Although small, agile teams at smaller companies may find failure modes, problems in their models, or problems in their data earlier than teams at large enterprises, their validation, testing, and deployment strategies are typically less sophisticated. Thus, with simpler models solving more uniform problems for customers and clients, it’s easier to spot failures. When the system grows to include a large market or even a large engineering staff, complexity and technical debt begin to grow. At scale, scenario tests become essential, and even then it may take longer to detect issues in a more complex system.
% of Respondents That Agree
Time To Discover Model Issues
Method For Deploying Models
Figure 14: Teams that take less than one week to discover model issues are more likely than those that take longer to use A/B testing for deploying models.
I became pretty open to considering A/B testing, king-of-the-hill testing, with AI-based algorithms. Because we got scalability, we got faster decision making. All of a sudden, there were systems that always had humans in the loop, humans doing repetitive tasks that didn’t really need humans in the loop anymore.

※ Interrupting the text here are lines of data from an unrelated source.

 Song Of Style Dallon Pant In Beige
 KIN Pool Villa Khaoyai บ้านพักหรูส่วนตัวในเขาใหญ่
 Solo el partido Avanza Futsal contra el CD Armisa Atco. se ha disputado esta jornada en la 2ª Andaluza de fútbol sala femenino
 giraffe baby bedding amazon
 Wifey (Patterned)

Former CEO, Worldwide Consumer, Amazon Chairman and Co-Founder of Re:Build Manufacturing
We’re testing a lot of different agents on our real users to see how they’re doing. What’s really interesting is that we try to compare agents that are trained against really good simulators with agents that are compared with less good simulators. What we want to see is, if your agent is trained on a good simulator, does it do really well in a real A/B test with real users. We’ve been really excited to see this working with real users in A/B tests. It’s very exciting and promising for us.

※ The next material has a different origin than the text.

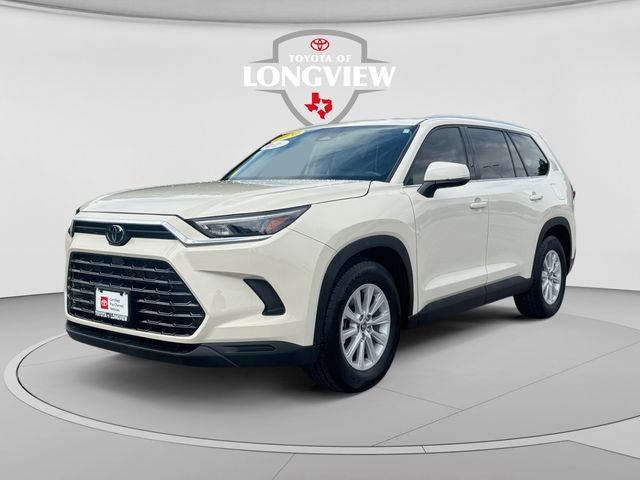 Certified Used 2024 Cream Toyota XLE image 1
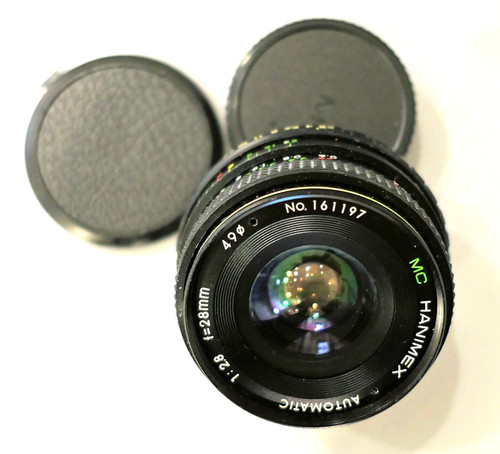 Hanimex automatic 28mm - automatic, mc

Senior Leader in Personalization, Spotify
We would actually deploy a few models into production as a test. It was like an A/B/C test of sorts, with different machine learning models running in production, and we would randomly send the outputs from different models to end users just to see how they perform in real-life scenarios.
We first do offline evaluation to look at the model metrics itself. Based on the results of offline tests, we’ll do online A/B testing. Basically, we set up the treatment and control and then compare the results based on some statistics and thresholds.